Pre-production, in a nutshell, is where you figure out how you’re going to make your film. It’s the time when you should make most of your important creative decisions so that you leave as little to chance as possible. This process ultimately requires attention to detail, and the help of a good team.
Building your dream team
Even if you think you can get through your film as a one-person band, you’ll find it increasingly stressful, tiring, and a much, much longer experience than if you had some help. As a result, there are a number of specialised roles that should probably be filled before you set up your tripod. You can often get away with one person service more than one position, just be aware it increases the likelihood that something will get missed along the way.
A (Simplified) Overview of the Basic Roles
Director: Person with the vision. They’re in charge of the creative aspects of the film.
Producer / Production Manager: Person in charge of the production. They’ll source and manage the personnel and funding required to make the film.

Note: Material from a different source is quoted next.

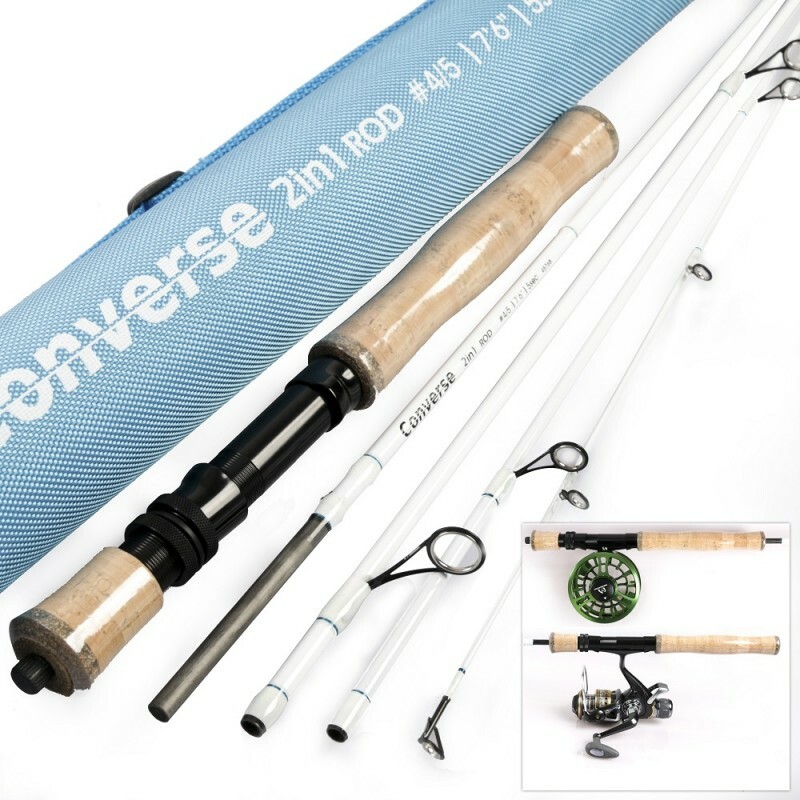 Converse 2in1 Fly/Spin Travel Rod, 7ft6 4/5wt 5pcs fly fishing rod spinning rod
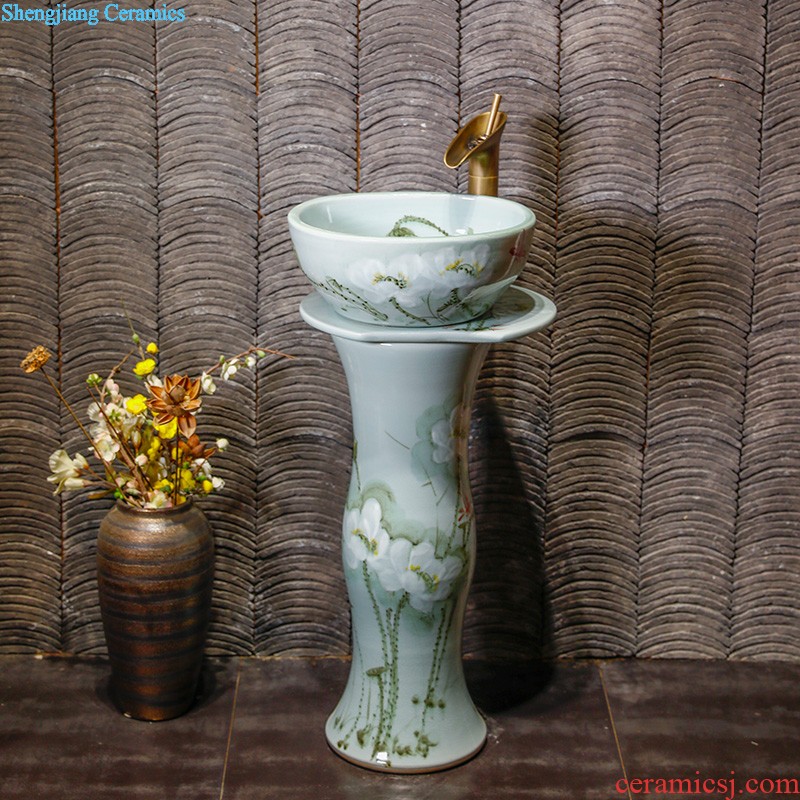 The balcony ceramic pillar lavabo one column vertical lavatory basin bathroom basin floor type household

1st Assistant Director: Person in charge of day-to-day management of crew, equipment, actors, and scheduling. They’ll keep the shoot on schedule while attempting to maintain an environment that facilitates the creative process between the director, actors, etc.
Script Supervisor: Person in charge of continuity. They keep track of what has been shot, whether anything has been changed from what is in the script. They also keep track of the props and blocking (the positioning and movement of the actors) from shot to shot, scene to scene, to ensure that the film is consistent. The script supervisor should be encouraged to raise the alarm when they find an issue so that it can be amended as soon as possible.
Director of Photography/Camera Operator: Person in charge of the look of the film. They attempt to turn the director’s vision into moving images through their understanding of lighting and cameras.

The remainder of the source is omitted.